=== Record excerpts ===
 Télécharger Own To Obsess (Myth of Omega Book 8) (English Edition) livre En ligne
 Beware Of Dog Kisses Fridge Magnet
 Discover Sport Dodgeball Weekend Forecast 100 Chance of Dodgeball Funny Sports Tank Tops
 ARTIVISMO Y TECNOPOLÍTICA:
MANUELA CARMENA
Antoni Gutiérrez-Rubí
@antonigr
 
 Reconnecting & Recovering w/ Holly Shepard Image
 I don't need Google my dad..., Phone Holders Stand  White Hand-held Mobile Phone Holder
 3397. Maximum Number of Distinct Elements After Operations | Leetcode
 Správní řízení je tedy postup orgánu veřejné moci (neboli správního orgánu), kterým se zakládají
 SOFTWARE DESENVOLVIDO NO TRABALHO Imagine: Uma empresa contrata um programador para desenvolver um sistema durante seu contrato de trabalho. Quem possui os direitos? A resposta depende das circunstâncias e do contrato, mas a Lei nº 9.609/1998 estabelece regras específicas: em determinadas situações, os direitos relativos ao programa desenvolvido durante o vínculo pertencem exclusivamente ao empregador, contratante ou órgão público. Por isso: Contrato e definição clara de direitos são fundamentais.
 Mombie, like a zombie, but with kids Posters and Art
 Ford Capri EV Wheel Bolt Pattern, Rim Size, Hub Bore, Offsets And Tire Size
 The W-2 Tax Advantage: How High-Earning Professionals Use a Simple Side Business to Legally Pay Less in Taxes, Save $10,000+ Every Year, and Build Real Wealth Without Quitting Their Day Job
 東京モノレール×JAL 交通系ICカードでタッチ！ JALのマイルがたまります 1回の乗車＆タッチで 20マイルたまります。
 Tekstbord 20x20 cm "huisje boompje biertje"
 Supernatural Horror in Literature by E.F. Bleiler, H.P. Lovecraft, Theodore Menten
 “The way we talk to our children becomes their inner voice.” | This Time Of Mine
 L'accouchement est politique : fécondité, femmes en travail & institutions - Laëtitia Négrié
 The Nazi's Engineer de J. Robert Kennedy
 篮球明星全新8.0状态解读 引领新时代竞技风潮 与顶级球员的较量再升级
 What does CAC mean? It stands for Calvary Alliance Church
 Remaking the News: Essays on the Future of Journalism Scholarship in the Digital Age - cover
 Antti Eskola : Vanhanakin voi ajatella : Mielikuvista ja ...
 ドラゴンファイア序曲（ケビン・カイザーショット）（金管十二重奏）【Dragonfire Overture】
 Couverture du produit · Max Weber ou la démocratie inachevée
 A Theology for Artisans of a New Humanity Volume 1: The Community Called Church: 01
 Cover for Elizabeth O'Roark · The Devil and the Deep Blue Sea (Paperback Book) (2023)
===
The full set of entries should be copied out exactly as given.

Problem solution
 Télécharger Own To Obsess (Myth of Omega Book 8) (English Edition) livre En ligne
 Beware Of Dog Kisses Fridge Magnet
 Discover Sport Dodgeball Weekend Forecast 100 Chance of Dodgeball Funny Sports Tank Tops
 ARTIVISMO Y TECNOPOLÍTICA:
MANUELA CARMENA
Antoni Gutiérrez-Rubí
@antonigr
 
 Reconnecting & Recovering w/ Holly Shepard Image
 I don't need Google my dad..., Phone Holders Stand  White Hand-held Mobile Phone Holder
 3397. Maximum Number of Distinct Elements After Operations | Leetcode
 Správní řízení je tedy postup orgánu veřejné moci (neboli správního orgánu), kterým se zakládají
 SOFTWARE DESENVOLVIDO NO TRABALHO Imagine: Uma empresa contrata um programador para desenvolver um sistema durante seu contrato de trabalho. Quem possui os direitos? A resposta depende das circunstâncias e do contrato, mas a Lei nº 9.609/1998 estabelece regras específicas: em determinadas situações, os direitos relativos ao programa desenvolvido durante o vínculo pertencem exclusivamente ao empregador, contratante ou órgão público. Por isso: Contrato e definição clara de direitos são fundamentais.
 Mombie, like a zombie, but with kids Posters and Art
 Ford Capri EV Wheel Bolt Pattern, Rim Size, Hub Bore, Offsets And Tire Size
 The W-2 Tax Advantage: How High-Earning Professionals Use a Simple Side Business to Legally Pay Less in Taxes, Save $10,000+ Every Year, and Build Real Wealth Without Quitting Their Day Job
 東京モノレール×JAL 交通系ICカードでタッチ！ JALのマイルがたまります 1回の乗車＆タッチで 20マイルたまります。
 Tekstbord 20x20 cm "huisje boompje biertje"
 Supernatural Horror in Literature by E.F. Bleiler, H.P. Lovecraft, Theodore Menten
 “The way we talk to our children becomes their inner voice.” | This Time Of Mine
 L'accouchement est politique : fécondité, femmes en travail & institutions - Laëtitia Négrié
 The Nazi's Engineer de J. Robert Kennedy
 篮球明星全新8.0状态解读 引领新时代竞技风潮 与顶级球员的较量再升级
 What does CAC mean? It stands for Calvary Alliance Church
 Remaking the News: Essays on the Future of Journalism Scholarship in the Digital Age - cover
 Antti Eskola : Vanhanakin voi ajatella : Mielikuvista ja ...
 ドラゴンファイア序曲（ケビン・カイザーショット）（金管十二重奏）【Dragonfire Overture】
 Couverture du produit · Max Weber ou la démocratie inachevée
 A Theology for Artisans of a New Humanity Volume 1: The Community Called Church: 01
 Cover for Elizabeth O'Roark · The Devil and the Deep Blue Sea (Paperback Book) (2023)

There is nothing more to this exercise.